Ainsi, la trentaine d'employés rattachés au siège de ce service aux missions pléthoriques, est répartie entre Washington D.C… et New York. Première irrationalité, qui entraîne mécaniquement surcoûts (déplacements, dédoublement de certaines tâches administratives, frais postaux) et pertes de temps (défauts de coordination entre agents, renvoi de responsabilités, « oubli » de dossiers). Des défauts aggravés par l'absence d'organigramme au sein des deux entités. Ainsi, le SCULE – Service de Coopération Universitaire, Linguistique et Educative –, partie du « SCAC » basée à Washington, se caractérise par son incapacité à produire un organigramme représentant les missions de sa quinzaine d'agents. La question revient pourtant régulièrement lors des réunions de service, sans trouver de réponse… certains agents n'étant tout simplement pas en mesure de dresser une liste claire de leurs attributions, puisque celle-ci ne semble pas leur avoir été communiquée au moment de leur prise de fonction. L'incohérence de l'organisation se double en conséquence de dissensions personnelles quasi-hebdomadaires, sur le thème de l'excès de travail des uns ou d'empiétements sur la mission des autres. On en aboutit parfois à des situations ubuesques où une discorde entre agents de New York et Washington peut conduire à l'abandon pur et simple d'un rapport déjà effectué, mais qui ne sera jamais transmis au Quai d'Orsay.

« Il n'y a même pas d'organigramme »

Le contenu même de certains programmes peut laisser rêveur l'observateur novice. Exemple éloquent d'une activité contre-productive pour l'image de la France : le « programme de stages » de l'ambassade. On peut légitimement se demander ce qui pousse l'ambassade de France aux Etats-Unis à s'ériger en bureau des stages semi gratuits pour étudiants américains souhaitant passer quelques mois au sein d'un organisme français, privé ou public. Les objectifs initiaux sont louables : il s'agit d'attirer sur notre territoire des étudiants brillants issus d'universités prestigieuses, dans le but de leur faire découvrir le dynamisme du monde économique et associatif français en leur facilitant à la fois les démarches administratives et la recherche de stage. Juste visée, si certains détails de la mise en oeuvre du programme ne révélaient un manque de responsabilité manifeste. Parmi les offres les plus savoureusement décalées, retenons la généreuse proposition d'un stage rémunéré (à hauteur de 30 % du SMIC) de « serveur à temps partiel » pour une célèbre chaîne de glaciers d'origine américaine ! On imagine « l'image positive du dynamisme économique français » qu'en retiendra l'étudiant américain. Pire, des stages sont proposés au sein d'un certain nombre d'ONG… parmi lesquelles certaines sont réputées pour leurs positionnements anti-américains assumés de longue date.

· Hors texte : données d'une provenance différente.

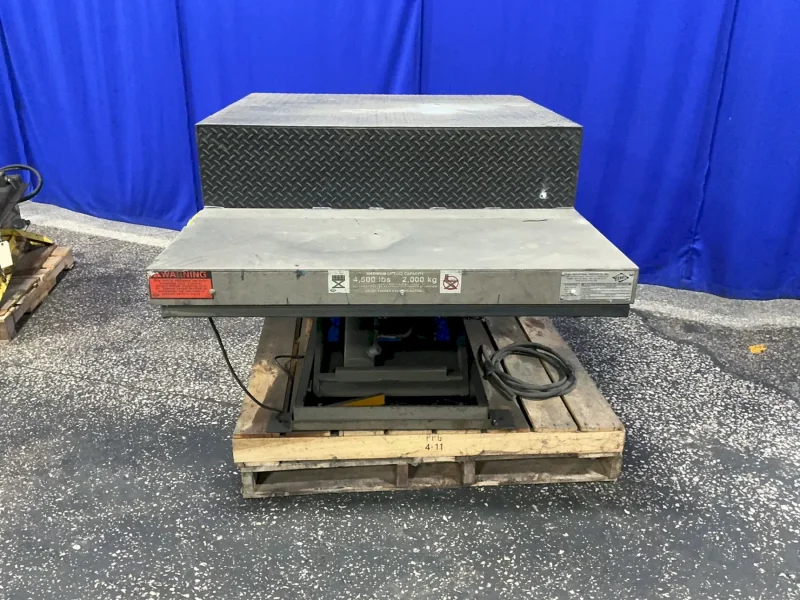 ECOA 4500 LBS LIFT TABLE  -  HLT2-045-38-47.5063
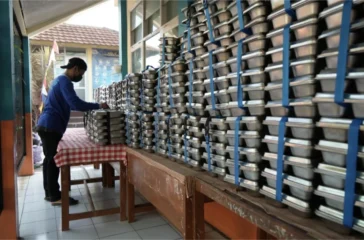 BGN Ingatkan Makanan MBG Tak Layak Jangan Dikonsumsi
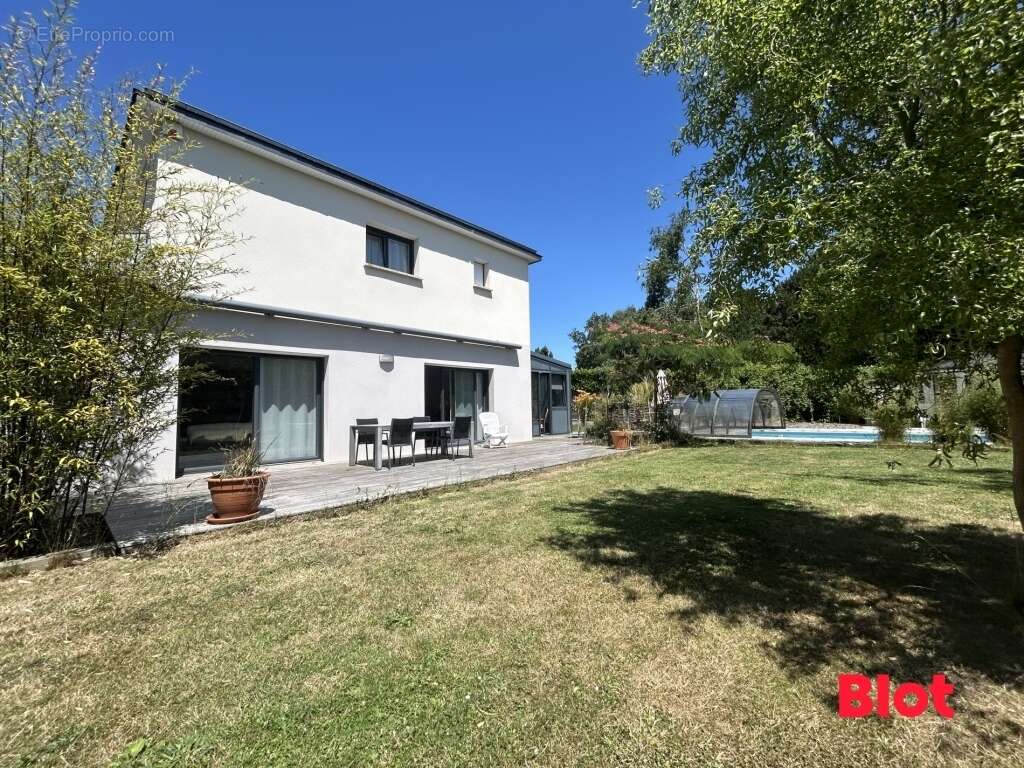 Maison à SAINT-PERE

Là encore, par défaut de contrôle et manque de professionnalisme, le résultat est probablement loin de celui escompté par les initiateurs de ce programme.

En l'espace de quelques jours, le nouvel arrivant est donc amené à intégrer que ce milieu où l'on se préoccupe en rentrant de vacances de la disparition de son hebdomadaire favori est aussi celui où l'on enclenche son répondeur à 16 h 50« parce qu'ils appellent toujours à 17 h – on risquerait de rester une demi-heure de plus ». Un environnement où le transfert d'informations et la communication entre agents font figure d'exception – quitte à travailler en doublon sur un même thème, parfois sciemment. Où un haut fonctionnaire peut être nommé à la tête du service de Washington, sans évaluation de sa capacité à s'exprimer dans la langue de Shakespeare. Où les notions d'audit et de gestion des ressources humaines soulèvent, au mieux, haussements d'épaules désabusés, regards perplexes, ironie, voire hostilité. Un « service public », enfin, totalement coupé d'usagers-payeurs oubliés au profit des querelles entre agents. Détails croustillants qui ne sont qu'effets pervers d'une administration pléthorique au point de perdre le contrôle sur les objectifs et l'exécution de ses missions, et d'oublier les principes les plus élémentaires d'une organisation rationnelle, efficace, et productrice de résultats au service de l'image de la France.